**Your task**.
A faithful transcription is wanted of the lines from the top of the material through the line that holds "Spreading out the", both ends included, leaving out the pictures.
──────── Data
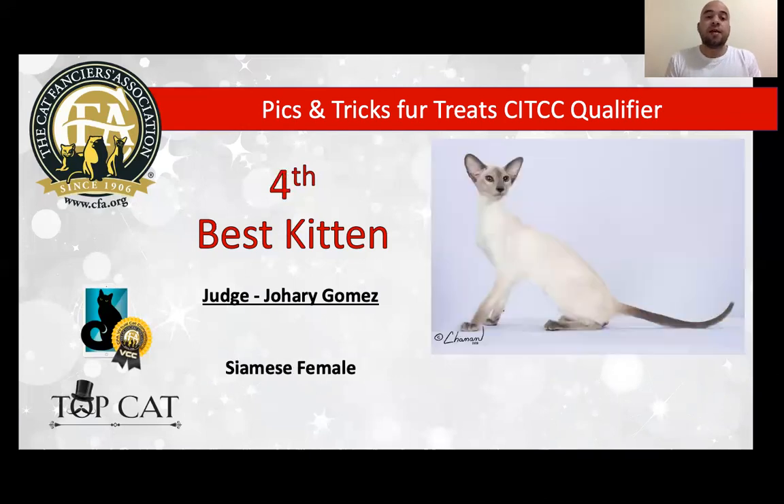My 4th best is a very elegant Siamese female, blue point, seven months old. She is elegant and very balanced — everything is good. I really love those large ears — wonderful. Blue eyes, almond, straight profile, long body, long tail, long legs. The word to describe the Siamese is elegant and long. She is a very good example of the breed. I really love her, and today is my 4th best kitten.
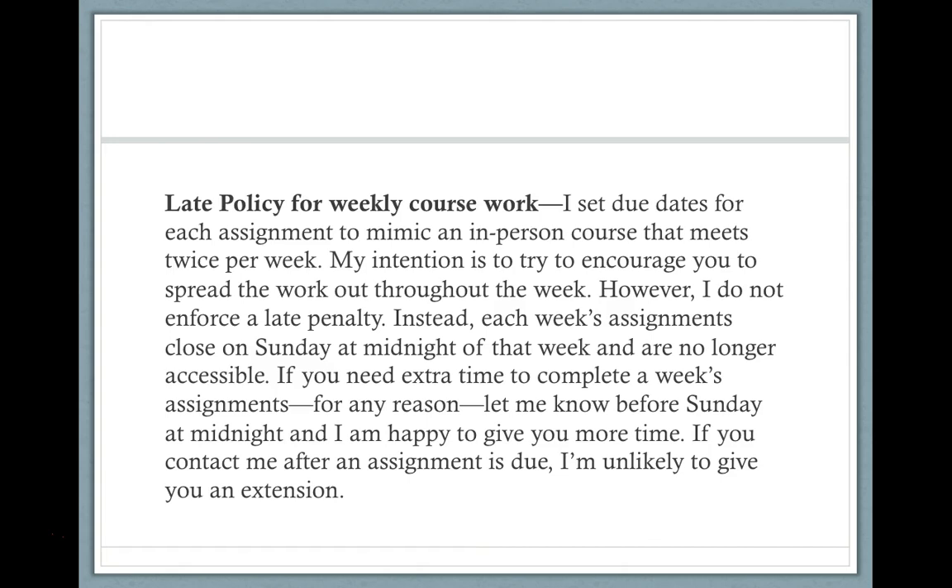Spreading out the work will make the quality better and make everything more pleasant. At Sunday at midnight, the assignments are no longer available. If something comes up and you need extra time, just send me a Canvas message — you don't even have to give me a reason. Just say you need a couple more days, let me know how long, and I will adjust the assignment so it stays open just for you. But you have to let me know before Sunday at midnight. If you contact me after the assignment is due, it's very unlikely I'll give you an extension. To summarize: there is no late policy, but the assignments close each week on Sunday at midnight.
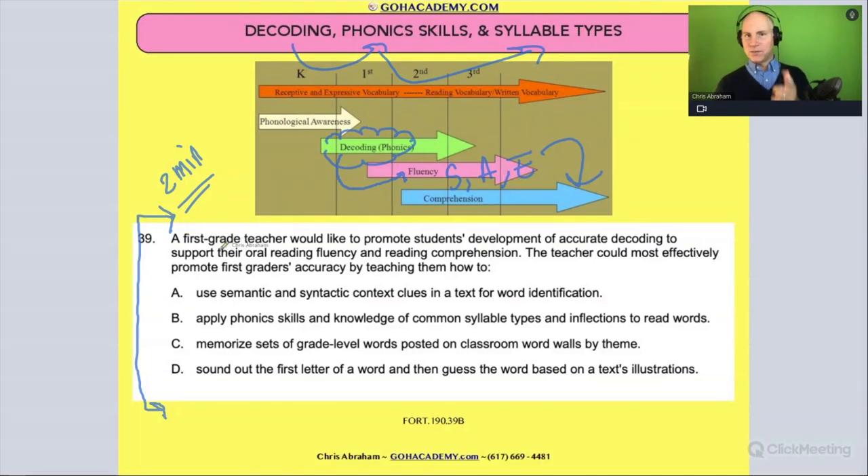A first grade teacher would like to promote students' development of accurate decoding to support their oral reading fluency and reading comprehension. Let me circle this — 'accurate decoding.' That word 'accurate' is a hint, a nod to fluency. 'To support their oral reading fluency' — that's definitely a fluency thing, and this ultimately leads to comprehension. So when doing decoding, we want them to decode with accuracy, supporting oral fluency — reading with proper speed, accuracy, and expression — and we know that helps with comprehension.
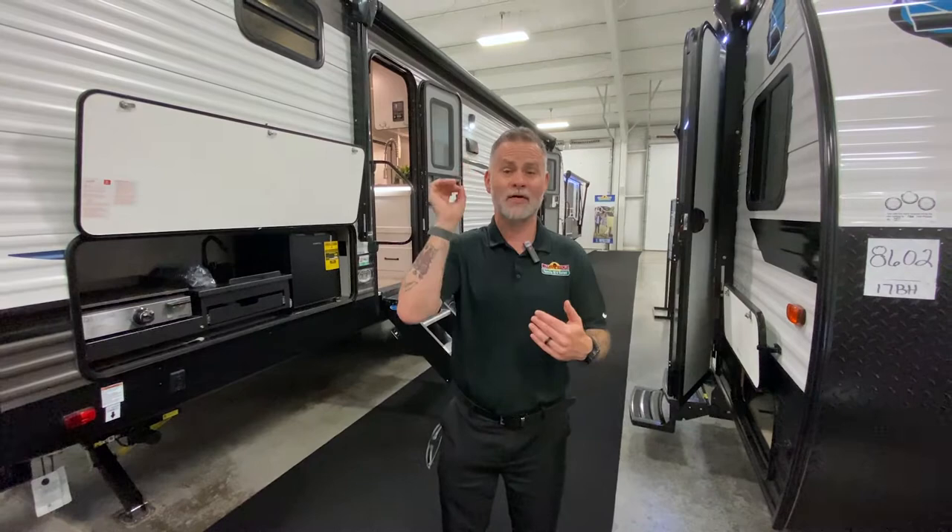Hey everyone, welcome to episode two of Finding Your Perfect Camper. Still looking for suggestions on the name — leave comments down below. Thank you to everyone who submitted entries so far. If you would like us to feature you, click the link above and fill out that simple form. No personal information required whatsoever.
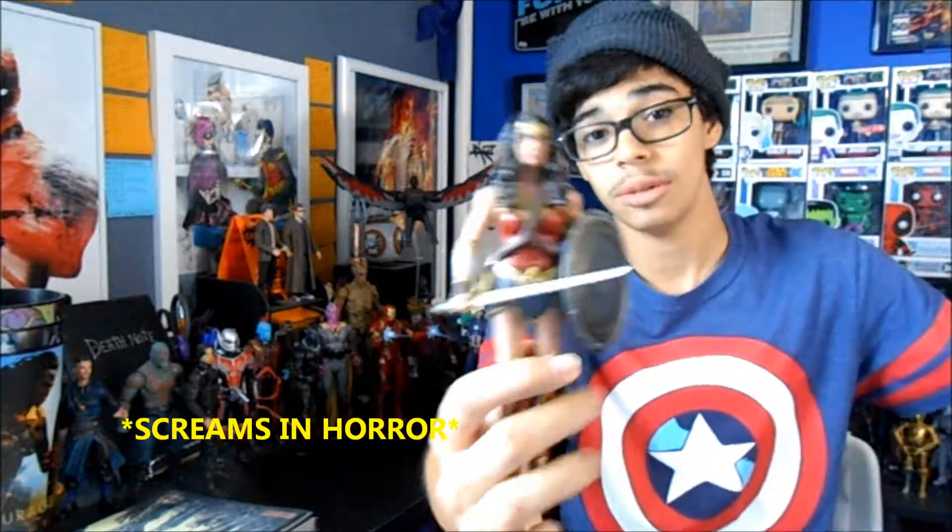Next up I have the DC Multiverse Toys R Us exclusive Wonder Woman from the Wonder Woman movie. This is a vast improvement from the Dawn of Justice wave figure — the face sculpt on that one was horrendous. They recently revealed an image of the Justice League Multiverse figures and it looks like that Wonder Woman head sculpt isn't as good as this one, so I'm very glad I picked these up.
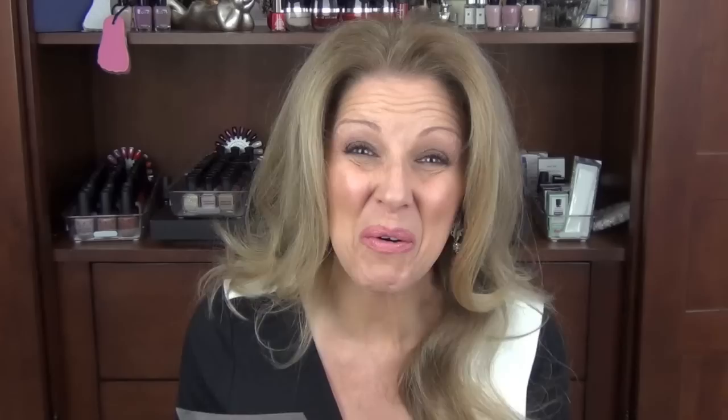Now I'm going to go through some of the masks I used for the month of January. Like I said, I left at least eight masks in Florida. I used a cherry antioxidant, a snail collagen, and a cranberry firming mask. These are all Martini masks — I love them all. And yes, I will be doing a sale again.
────────────────
**Task result**.
My 4th best is a very elegant Siamese female, blue point, seven months old. She is elegant and very balanced — everything is good. I really love those large ears — wonderful. Blue eyes, almond, straight profile, long body, long tail, long legs. The word to describe the Siamese is elegant and long. She is a very good example of the breed. I really love her, and today is my 4th best kitten.
Spreading out the work will make the quality better and make everything more pleasant. At Sunday at midnight, the assignments are no longer available. If something comes up and you need extra time, just send me a Canvas message — you don't even have to give me a reason. Just say you need a couple more days, let me know how long, and I will adjust the assignment so it stays open just for you. But you have to let me know before Sunday at midnight. If you contact me after the assignment is due, it's very unlikely I'll give you an extension. To summarize: there is no late policy, but the assignments close each week on Sunday at midnight.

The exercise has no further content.